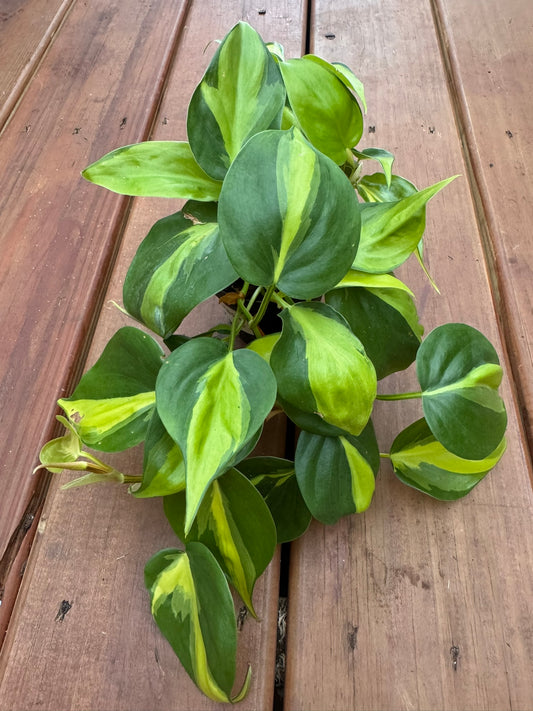 Philodendron Brasil in 4-inch pot with trailing heart-shaped leaves striped in lime and green, tropical houseplant
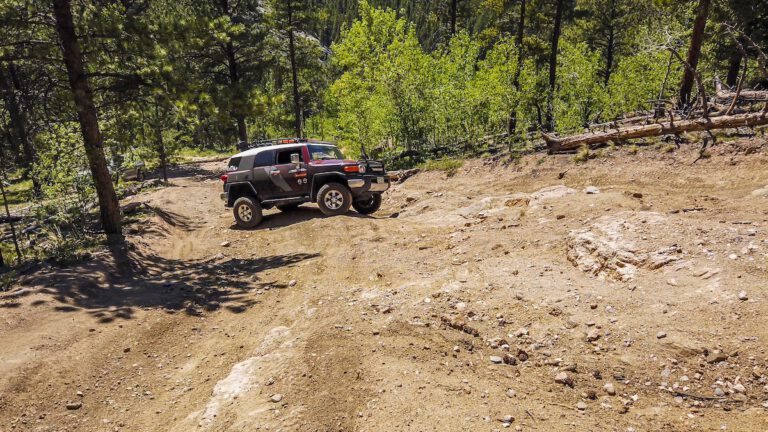 The Most Important Upgrade, with On Trail Training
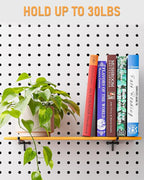 INCLY 60 Pack 2/4/6 Inch Black Pegboard Hooks, 1/4" Heavy Duty Peg Board Shelving Hooks Accessories, Peg Board Tool Hangers Fit for 1/4" Pegboard Hanging Tools Garage, Craft Organizing, Kitchen, Store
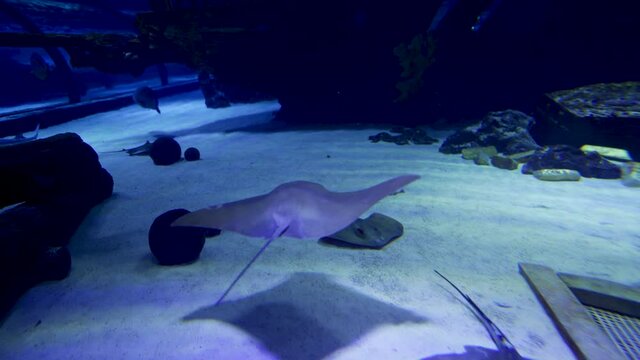 Graceful Manta Rays Group. Peaceful underwater sea life view of Big Mantas Swimming Together closed to surface with sting fish. Marine Life in a big aquarium against sunken broken ship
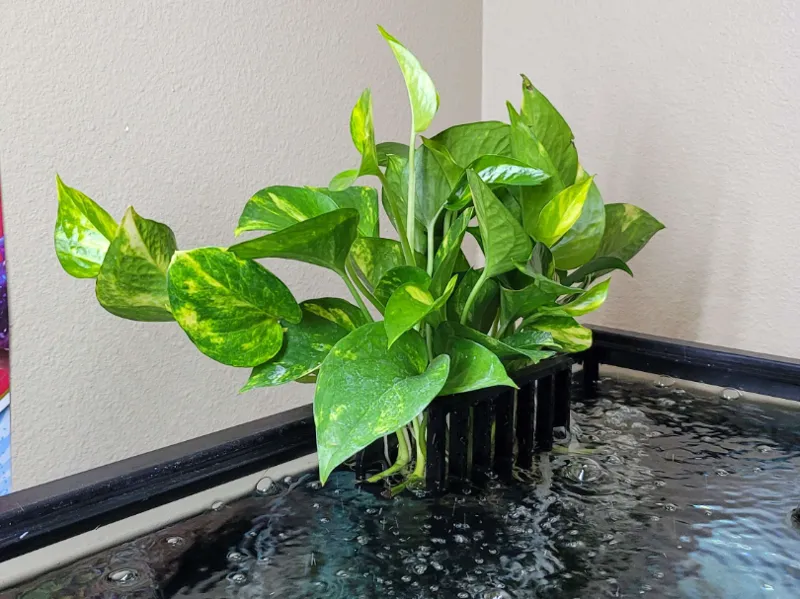 Aquarium Planter *no supports*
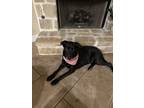 Adopt Lacey a Black Labrador Retriever / Mixed dog in New Braunfels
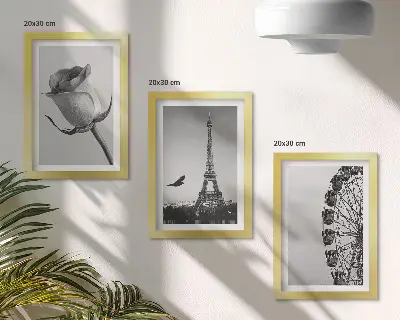 Rose Eiffel Tower and Ferris Wheel in Monochrome framed triptych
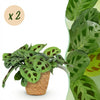 Maranta Fascinator Kerchoveana zebraplant 25 cm met mand - 1, 2 of 4 stuks - Plant - plantenmagie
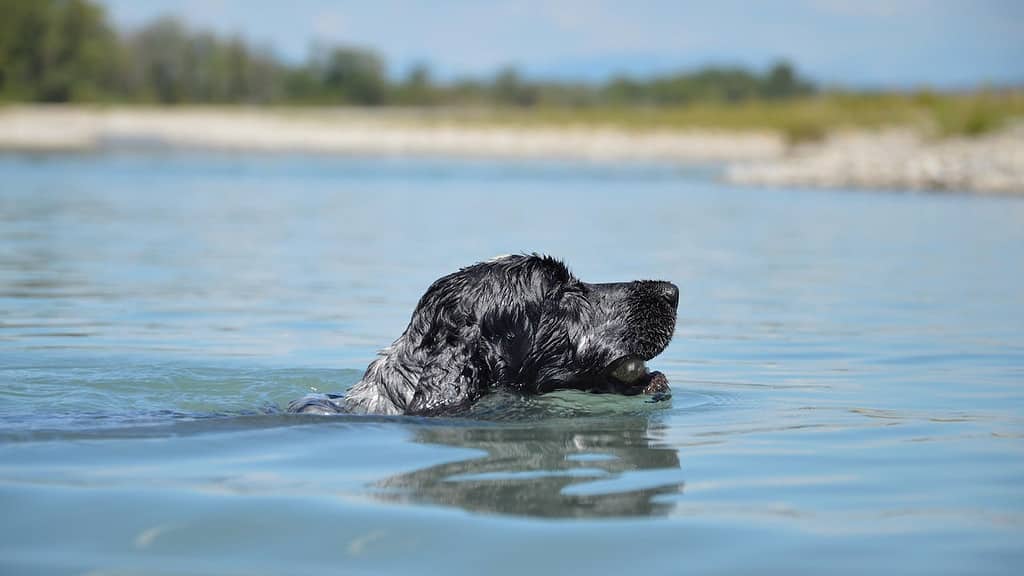 labrador retriever swimming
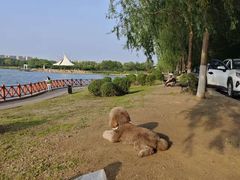 -丁香湖公园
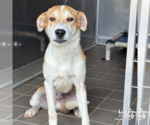 Small #2 Retriever  Mix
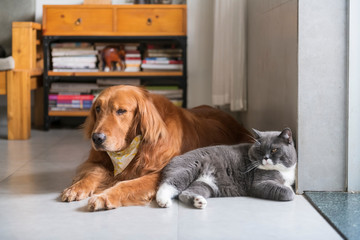 British shorthair and golden retriever friendly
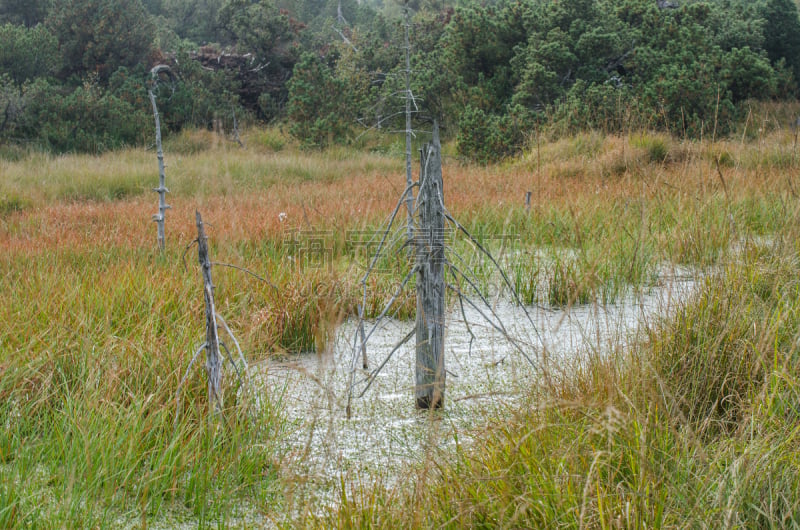 阿尔滕贝格,peat bog,羊胡子草,泥炭,萨克森,水,停泊的,旷野,摩尔人风格,石南花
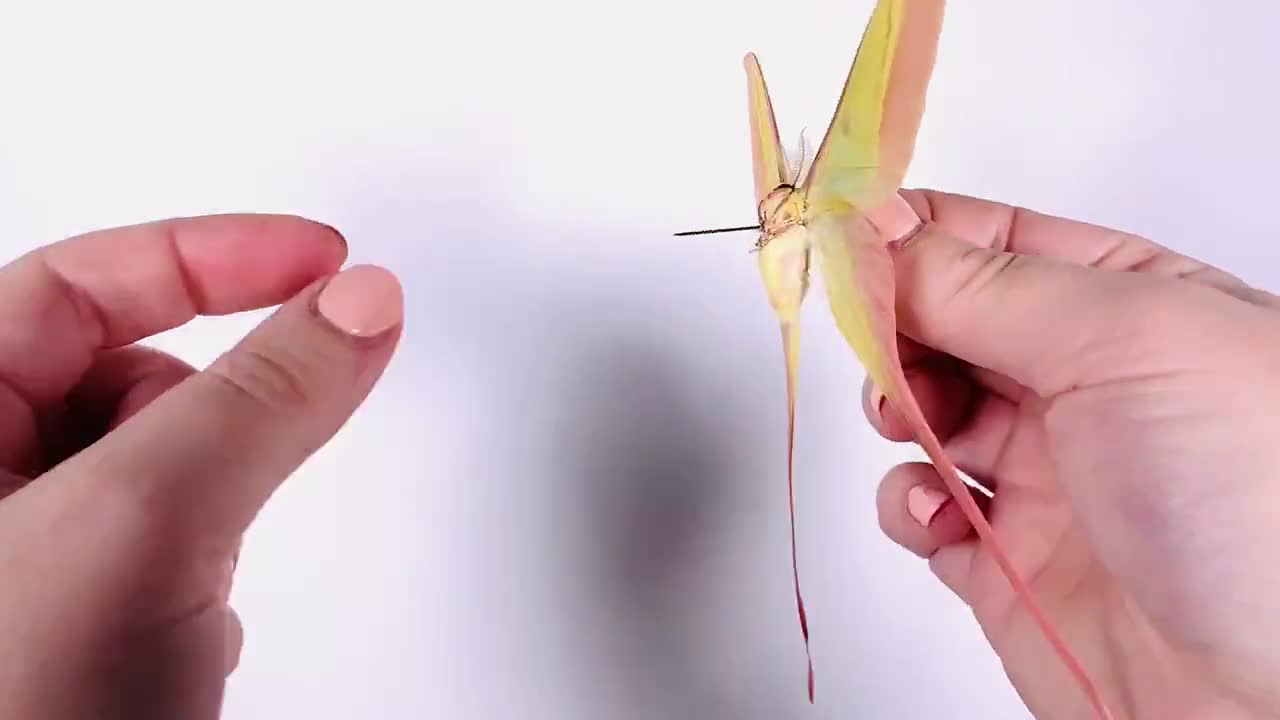 Actias dubernardi まとめて4♂セット Actias dubernardi Chine (CN) - 野生捕獲 - チャイニーズムーン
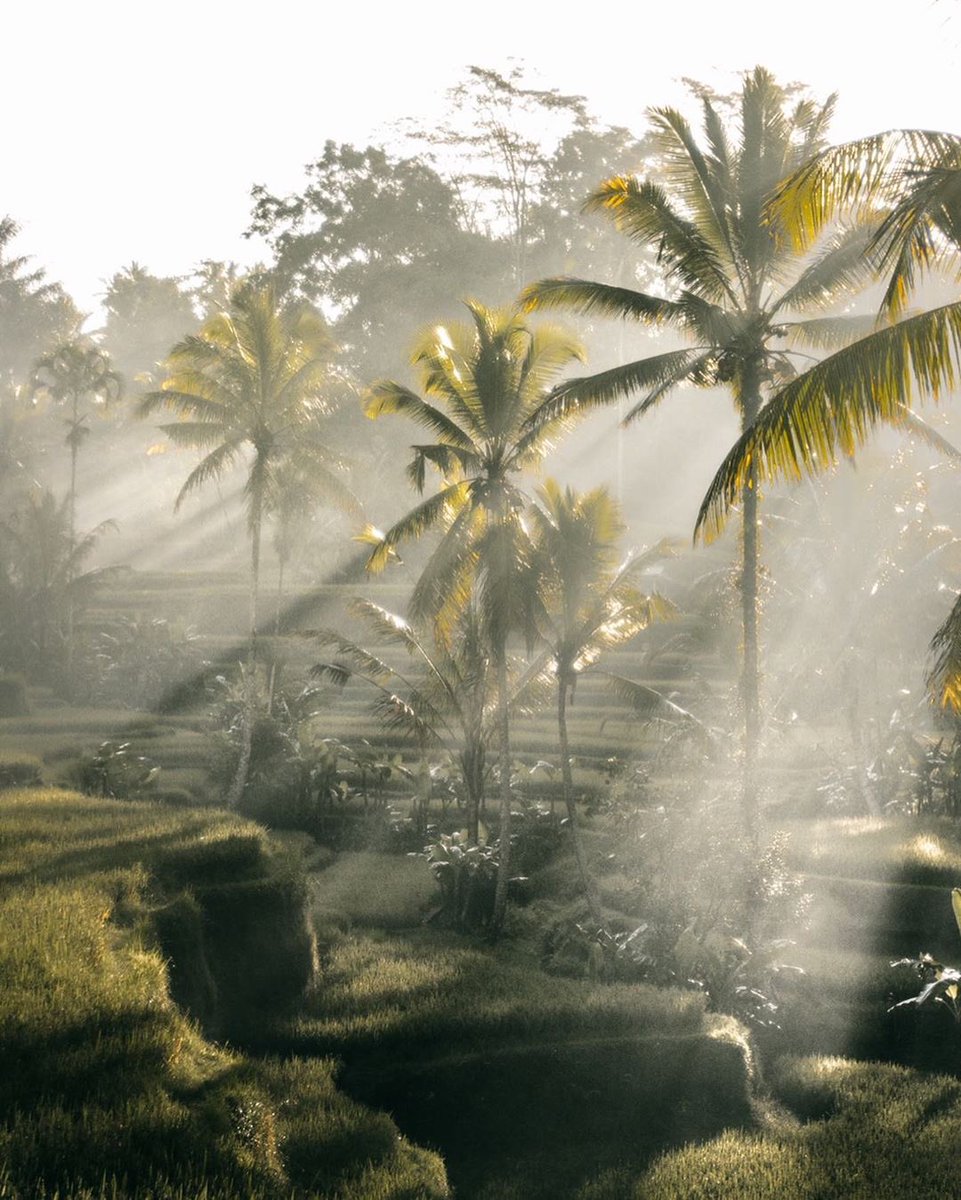 earth's tweet photo. Rice terraces in Bali, Indonesia. https://t.co/1iszpcRv74
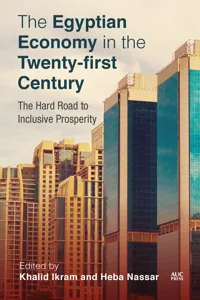 The Egyptian Economy in the Twenty-first Century_cover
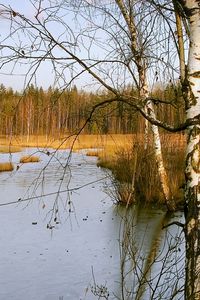 Preview wallpaper birches, autumn, river, landscape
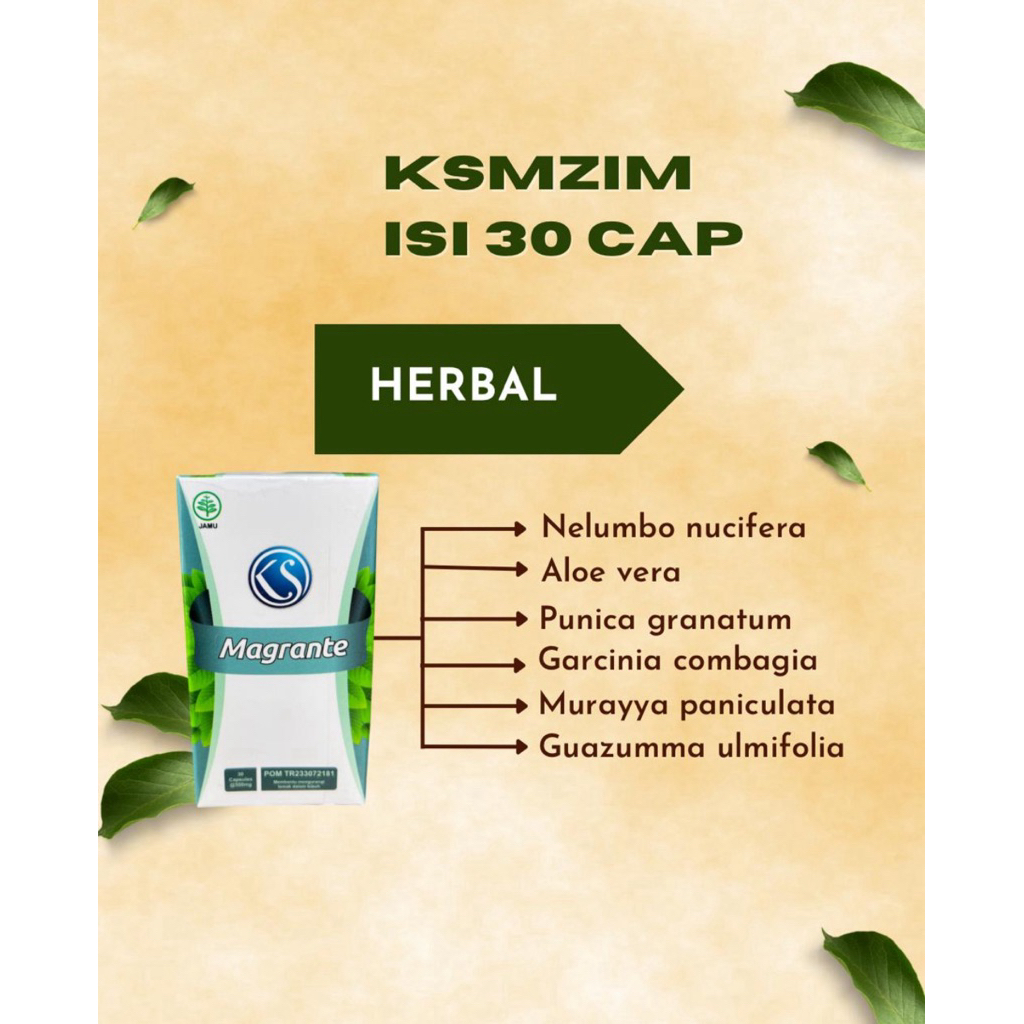KS MAGRANTE  - Pelangsing  Herbal Alami  Obat Diet BPOM Penurun Berat Badan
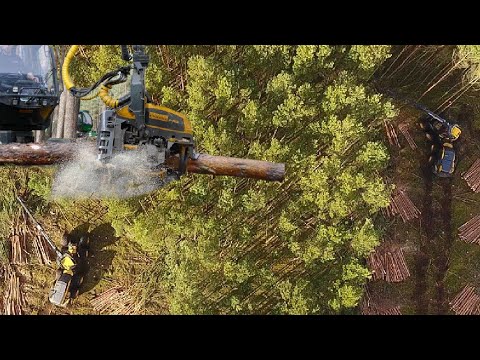 Tesla ''Gigafabrik'' Einmalige Aufnahmen (im) Tesla-Gelände - Teslas Gigafactory 4 Berlin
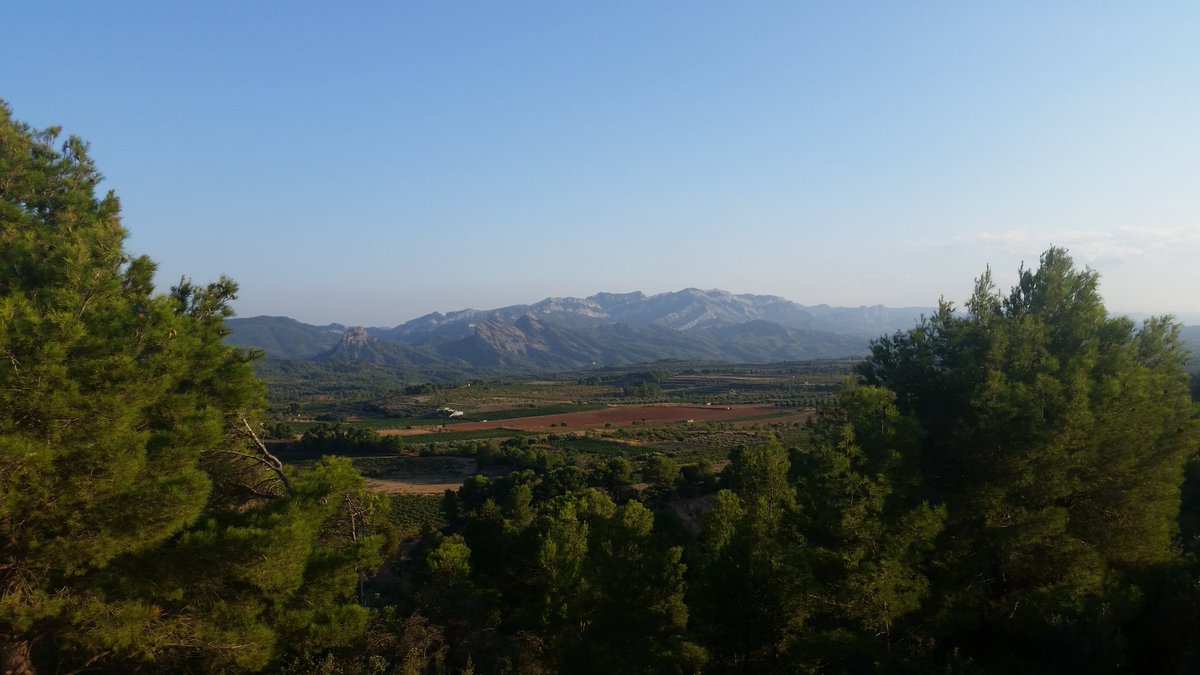 annecathelineau's tweet photo. Absolutely gorgeous winery and THAT view #TerraAlta #HerenciaAltes             #Cataluña #Team trip #Granatxa @BancroftWines @HerenciaAltes https://t.co/uxQFGt2jxG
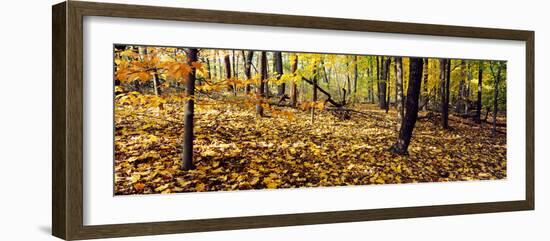 Trees in a forest, University of Wisconsin Arboretum, Madison, Dane County, Wisconsin, USA-null-Framed Photographic Print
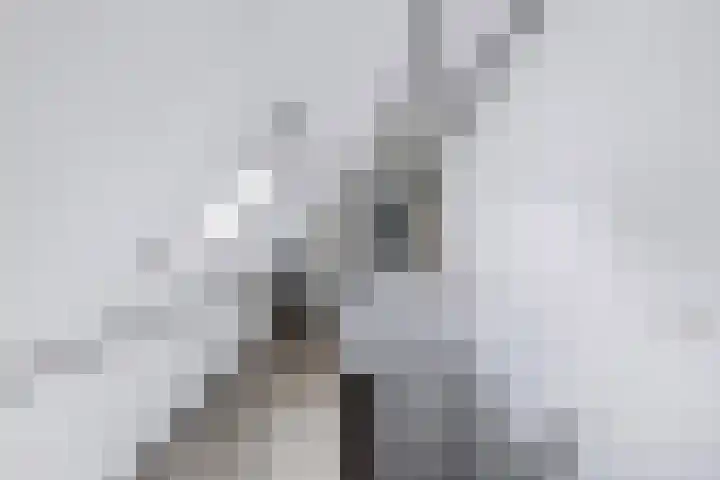 Lidlumerwei 12 Oosterbierum thumbnail 28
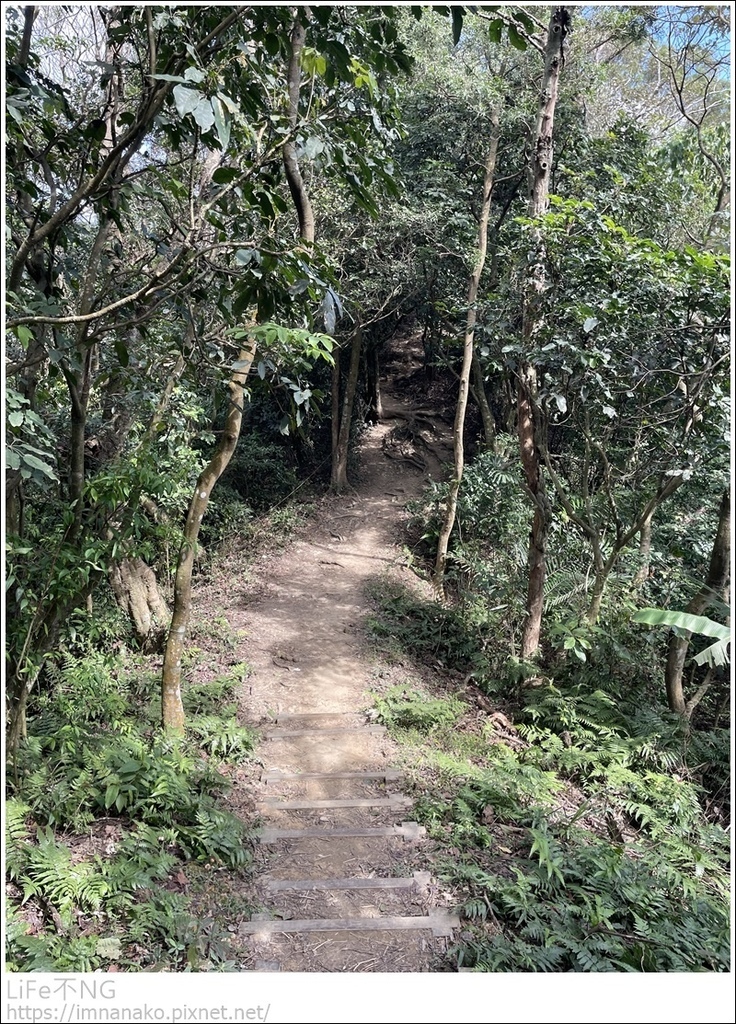 IMG_6840.JPG IMG_6840.JPG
=====
### Problem description
Give back, unaltered, each line of the listing from the first to the line that contains "Tesla ''Gigafabrik'' Einmalige", leaving every picture out.

### Written answer
 Philodendron Brasil in 4-inch pot with trailing heart-shaped leaves striped in lime and green, tropical houseplant
 The Most Important Upgrade, with On Trail Training
 INCLY 60 Pack 2/4/6 Inch Black Pegboard Hooks, 1/4" Heavy Duty Peg Board Shelving Hooks Accessories, Peg Board Tool Hangers Fit for 1/4" Pegboard Hanging Tools Garage, Craft Organizing, Kitchen, Store
 Graceful Manta Rays Group. Peaceful underwater sea life view of Big Mantas Swimming Together closed to surface with sting fish. Marine Life in a big aquarium against sunken broken ship
 Aquarium Planter *no supports*
 Adopt Lacey a Black Labrador Retriever / Mixed dog in New Braunfels
 Rose Eiffel Tower and Ferris Wheel in Monochrome framed triptych
 Maranta Fascinator Kerchoveana zebraplant 25 cm met mand - 1, 2 of 4 stuks - Plant - plantenmagie
 labrador retriever swimming
 -丁香湖公园
 Small #2 Retriever  Mix
 British shorthair and golden retriever friendly
 阿尔滕贝格,peat bog,羊胡子草,泥炭,萨克森,水,停泊的,旷野,摩尔人风格,石南花
 Actias dubernardi まとめて4♂セット Actias dubernardi Chine (CN) - 野生捕獲 - チャイニーズムーン
 earth's tweet photo. Rice terraces in Bali, Indonesia. https://t.co/1iszpcRv74
 The Egyptian Economy in the Twenty-first Century_cover
 Preview wallpaper birches, autumn, river, landscape
KS MAGRANTE  - Pelangsing  Herbal Alami  Obat Diet BPOM Penurun Berat Badan
 Tesla ''Gigafabrik'' Einmalige Aufnahmen (im) Tesla-Gelände - Teslas Gigafactory 4 Berlin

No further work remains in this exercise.